▸ **Assigned task**
Your answer should be the line containing "de baile? Anthony" and each line after it through the end of the data below, repeated exactly.

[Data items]
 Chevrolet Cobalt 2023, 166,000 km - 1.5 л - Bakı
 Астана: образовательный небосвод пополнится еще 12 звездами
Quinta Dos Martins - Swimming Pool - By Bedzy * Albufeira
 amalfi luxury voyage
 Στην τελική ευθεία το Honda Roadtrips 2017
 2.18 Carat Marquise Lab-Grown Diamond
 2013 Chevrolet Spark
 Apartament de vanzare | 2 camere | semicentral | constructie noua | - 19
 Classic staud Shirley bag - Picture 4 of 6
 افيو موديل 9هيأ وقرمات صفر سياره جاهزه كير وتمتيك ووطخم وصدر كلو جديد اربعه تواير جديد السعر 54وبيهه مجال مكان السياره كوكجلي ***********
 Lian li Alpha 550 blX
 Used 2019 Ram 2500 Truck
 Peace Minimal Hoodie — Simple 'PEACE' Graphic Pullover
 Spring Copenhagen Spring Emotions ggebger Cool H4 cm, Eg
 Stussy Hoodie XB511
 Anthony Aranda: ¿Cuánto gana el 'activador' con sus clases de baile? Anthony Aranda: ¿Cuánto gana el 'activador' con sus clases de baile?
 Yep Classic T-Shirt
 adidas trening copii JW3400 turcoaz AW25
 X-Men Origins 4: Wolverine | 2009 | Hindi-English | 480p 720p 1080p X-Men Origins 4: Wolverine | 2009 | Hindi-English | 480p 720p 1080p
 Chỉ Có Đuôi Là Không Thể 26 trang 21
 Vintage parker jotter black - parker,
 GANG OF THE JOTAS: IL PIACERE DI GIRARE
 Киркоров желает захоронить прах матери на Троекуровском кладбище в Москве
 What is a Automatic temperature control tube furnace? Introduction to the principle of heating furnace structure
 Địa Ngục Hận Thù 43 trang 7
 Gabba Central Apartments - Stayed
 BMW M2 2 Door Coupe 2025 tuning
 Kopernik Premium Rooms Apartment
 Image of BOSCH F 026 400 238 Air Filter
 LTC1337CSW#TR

▸ **Answer to this problem**
 Anthony Aranda: ¿Cuánto gana el 'activador' con sus clases de baile? Anthony Aranda: ¿Cuánto gana el 'activador' con sus clases de baile?
 Yep Classic T-Shirt
 adidas trening copii JW3400 turcoaz AW25
 X-Men Origins 4: Wolverine | 2009 | Hindi-English | 480p 720p 1080p X-Men Origins 4: Wolverine | 2009 | Hindi-English | 480p 720p 1080p
 Chỉ Có Đuôi Là Không Thể 26 trang 21
 Vintage parker jotter black - parker,
 GANG OF THE JOTAS: IL PIACERE DI GIRARE
 Киркоров желает захоронить прах матери на Троекуровском кладбище в Москве
 What is a Automatic temperature control tube furnace? Introduction to the principle of heating furnace structure
 Địa Ngục Hận Thù 43 trang 7
 Gabba Central Apartments - Stayed
 BMW M2 2 Door Coupe 2025 tuning
 Kopernik Premium Rooms Apartment
 Image of BOSCH F 026 400 238 Air Filter
 LTC1337CSW#TR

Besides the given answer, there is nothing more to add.